Once upon a time when the world didn’t have any newspapers – when there was no literature – so it was possible for a person to think on his own and to have common sense. But today if you read garbage and all of this trash fills your mind, so it’s very hard to have common sense. Unless you try very hard to wash out your mind – if you wash your mind from all the dirt by putting in Torah thoughts and by thinking pure and noble ideas, then maybe after a while, you’ll be able to get some common sense. But till you do that – absolutely you’ll be lacking common sense. 

Today when somebody says that he’s using his common sense all it means is that he’s using the sense of the New York Times or the ideas he heard on the radio. That’s not common sense. If you walk in the street and you hear people talking, you have to know that your mind is being poisoned. All the foolishness of people is going straight into your head. I was once sitting on a park bench and behind me there was a man who was talking to another man. I heard such filthy terrible things and he poisoned my mind. I got up and walked away but I couldn’t forget it. That dirt is in my mind. And once it’s in your mind it’s terrible. It’s a poison. 

And therefore it is very hard to have common sense. You have to avoid TV and radio and you can’t read the newspapers. You can read the headlines as you pass by but that’s enough. Don’t waste any money by buying it. Just the headlines is enough. All the garbage inside the newspapers should stay there instead of poisoning your mind. Read the headlines as you pass by and don’t read any more than the headlines. 

And don’t talk to fools. If you see a fool, keep away from him. It says in Mishlei that if you see a fool coming towards you, you have to know that it’s worse than a she-bear coming towards you. An enraged she-bear is less dangerous than a fool. פגוש דוב שכול באיש – “It’s better for a person to encounter an angry she-bear who just had her cubs taken away from her, that’s an angry mother bear, ואל כסיל באוולתו – better to meet up with her than to encounter a fool with his foolishness” (Mishlei 17:12). You hear that? An angry she-bear is less harmful than a fool. Because when a fool talks to you, his foolishness goes into your mind – and it stays there forever.

So if you have to go to college, you must be aware that you have a big job ahead of you. The job of cleaning your mind of all the garbage that fell into it – a tremendous amount of garbage. Of course, there is useful information as well, but there is so much garbage, so many lies and so much wickedness that we have a very big job ahead of us. If you went to school – even to yeshiva – the English Department can fill your mind with so much foolishness and so much garbage, I’m sorry to tell you.

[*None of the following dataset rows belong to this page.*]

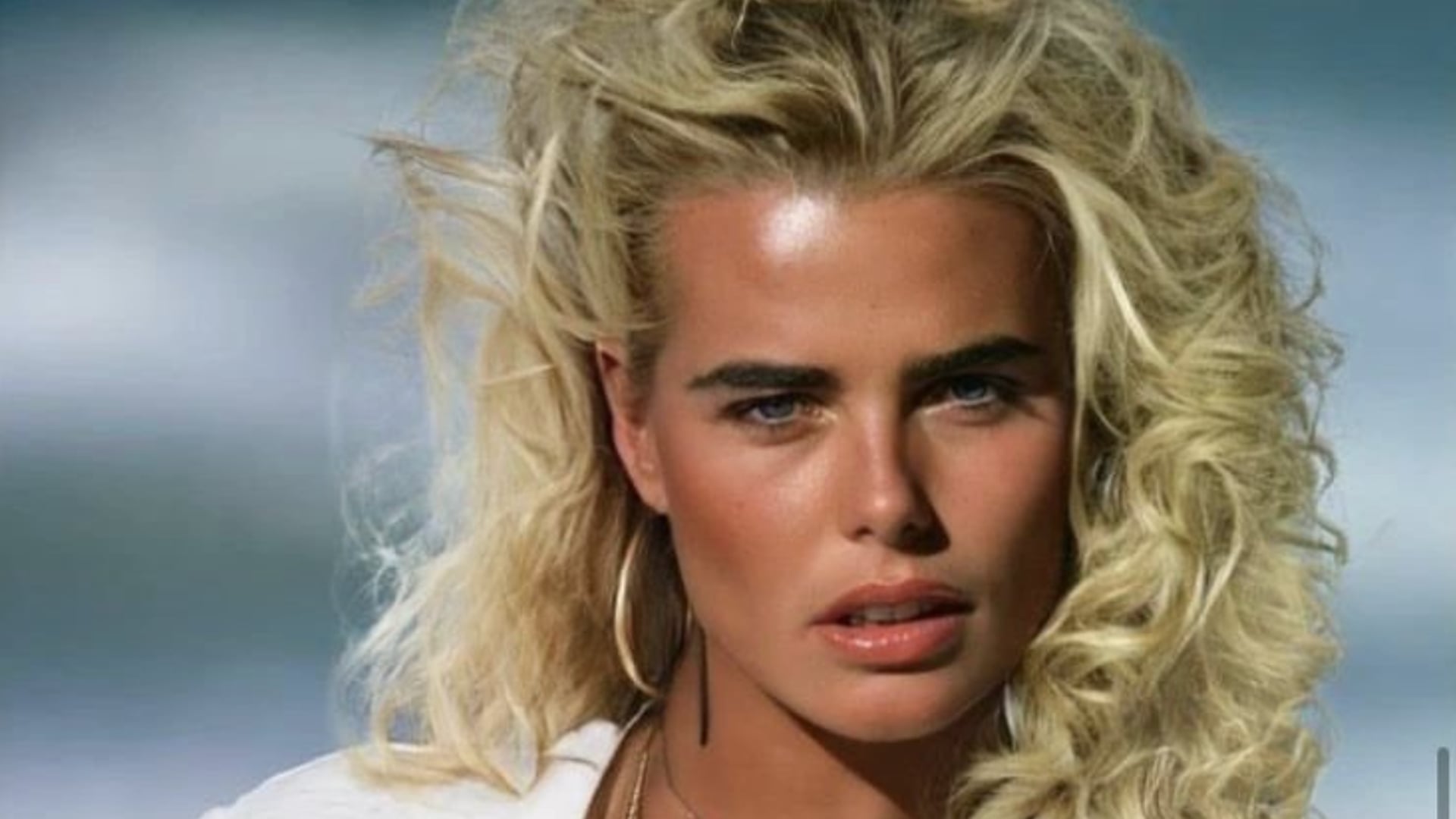 5-belles-mannequins-disparues-trop-t-t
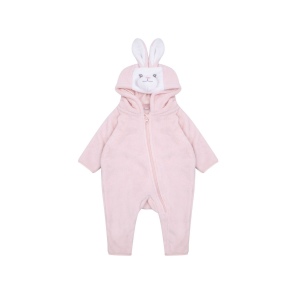 Pyjama lapin 2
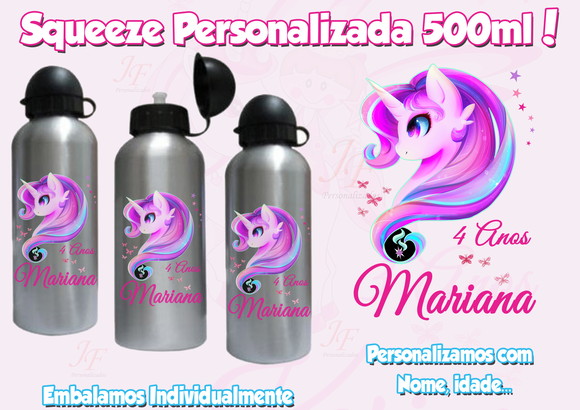Imagem 3
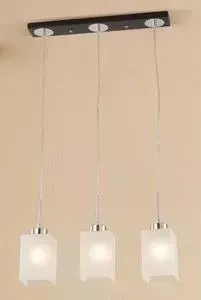 Подвесной светильник Citilux CL127231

If the teachers would utilize the time to show the Yad Hashem in nature, the Yad Hashem in history and current events they could convince you of Hakodosh Boruch Hu just from the studies. But they don’t do it. Instead you learn garbage in the yeshivos too. So we have a big job ahead of us.

Once upon a time, in Europe, there were no English studies. They learned Torah all day long. No newspapers. No literature to fill your mind with foolishness. And therefore, their minds were capable of having some common sense.